What you should do> Copy task, pictures excluded: set down exactly the lines from the one containing "Torneira monocomando para" to the end of the data below.

Provided information>
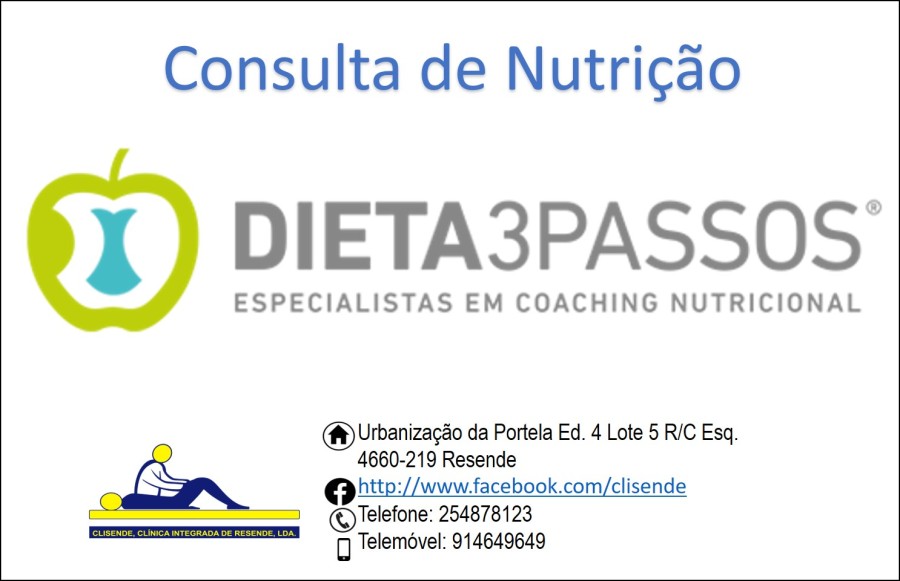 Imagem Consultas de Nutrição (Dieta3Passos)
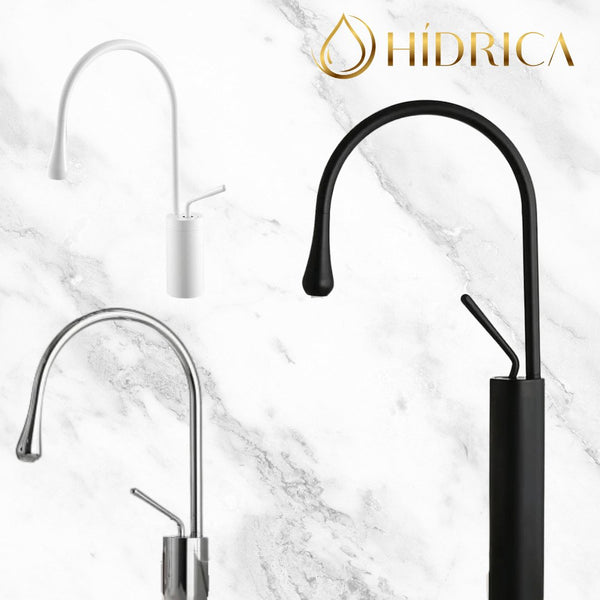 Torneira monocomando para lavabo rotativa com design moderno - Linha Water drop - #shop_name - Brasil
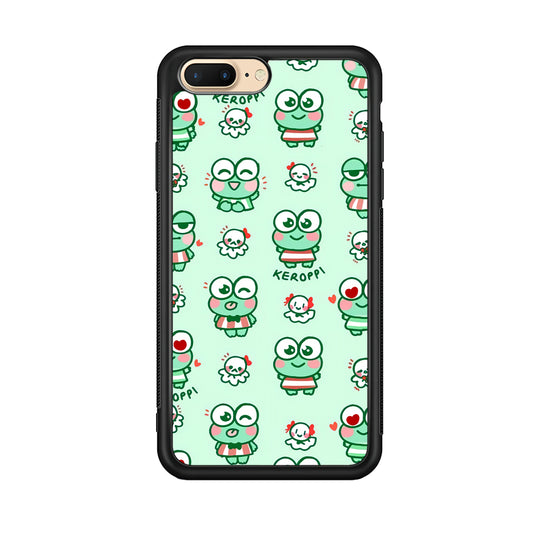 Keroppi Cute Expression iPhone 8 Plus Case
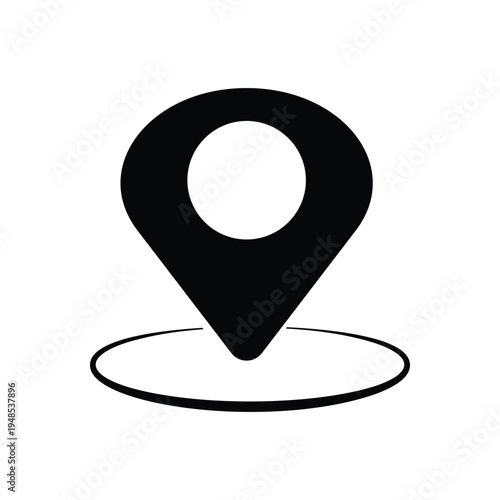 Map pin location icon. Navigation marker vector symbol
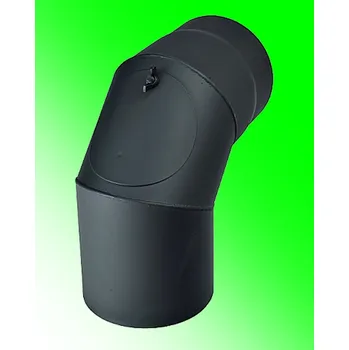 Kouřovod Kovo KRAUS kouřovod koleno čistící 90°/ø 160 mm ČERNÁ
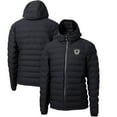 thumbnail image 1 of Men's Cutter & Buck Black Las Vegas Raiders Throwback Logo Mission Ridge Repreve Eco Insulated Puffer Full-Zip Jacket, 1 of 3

Solution below>
 Torneira monocomando para lavabo rotativa com design moderno - Linha Water drop - #shop_name - Brasil
 Keroppi Cute Expression iPhone 8 Plus Case
 Map pin location icon. Navigation marker vector symbol
 Kouřovod Kovo KRAUS kouřovod koleno čistící 90°/ø 160 mm ČERNÁ
 thumbnail image 1 of Men's Cutter & Buck Black Las Vegas Raiders Throwback Logo Mission Ridge Repreve Eco Insulated Puffer Full-Zip Jacket, 1 of 3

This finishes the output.